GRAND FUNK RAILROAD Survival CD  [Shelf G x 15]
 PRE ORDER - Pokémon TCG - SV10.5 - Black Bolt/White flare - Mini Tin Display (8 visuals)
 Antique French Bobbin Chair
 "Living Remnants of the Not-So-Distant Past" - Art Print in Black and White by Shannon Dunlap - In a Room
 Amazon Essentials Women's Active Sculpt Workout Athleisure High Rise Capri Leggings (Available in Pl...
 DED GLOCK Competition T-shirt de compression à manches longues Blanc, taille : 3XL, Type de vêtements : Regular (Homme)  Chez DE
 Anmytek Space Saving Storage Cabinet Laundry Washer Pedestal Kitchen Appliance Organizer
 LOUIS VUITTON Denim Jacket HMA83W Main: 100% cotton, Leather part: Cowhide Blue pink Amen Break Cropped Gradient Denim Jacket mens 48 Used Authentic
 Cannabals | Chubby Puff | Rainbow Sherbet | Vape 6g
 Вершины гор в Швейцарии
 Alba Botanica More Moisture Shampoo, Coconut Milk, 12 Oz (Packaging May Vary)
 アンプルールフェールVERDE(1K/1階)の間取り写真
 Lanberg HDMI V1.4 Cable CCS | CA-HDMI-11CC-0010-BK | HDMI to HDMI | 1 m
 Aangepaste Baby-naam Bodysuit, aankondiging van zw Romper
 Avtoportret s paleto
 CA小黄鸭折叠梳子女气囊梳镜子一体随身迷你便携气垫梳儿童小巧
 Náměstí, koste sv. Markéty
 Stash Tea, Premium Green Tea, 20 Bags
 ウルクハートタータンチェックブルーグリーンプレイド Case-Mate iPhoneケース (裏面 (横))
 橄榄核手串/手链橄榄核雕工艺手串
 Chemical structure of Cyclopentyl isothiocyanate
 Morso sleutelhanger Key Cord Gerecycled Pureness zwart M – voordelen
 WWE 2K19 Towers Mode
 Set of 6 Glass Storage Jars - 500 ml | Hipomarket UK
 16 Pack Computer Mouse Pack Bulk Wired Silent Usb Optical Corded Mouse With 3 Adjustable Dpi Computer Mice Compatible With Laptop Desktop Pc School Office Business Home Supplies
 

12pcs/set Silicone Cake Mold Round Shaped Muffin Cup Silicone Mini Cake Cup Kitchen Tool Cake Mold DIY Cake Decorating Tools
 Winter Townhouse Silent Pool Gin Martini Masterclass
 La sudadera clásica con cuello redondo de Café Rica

--

• _Exercise instructions_:
Every line from the data above that contains "Storage" must appear in the answer.

• _Task output_:
 Anmytek Space Saving Storage Cabinet Laundry Washer Pedestal Kitchen Appliance Organizer
 Set of 6 Glass Storage Jars - 500 ml | Hipomarket UK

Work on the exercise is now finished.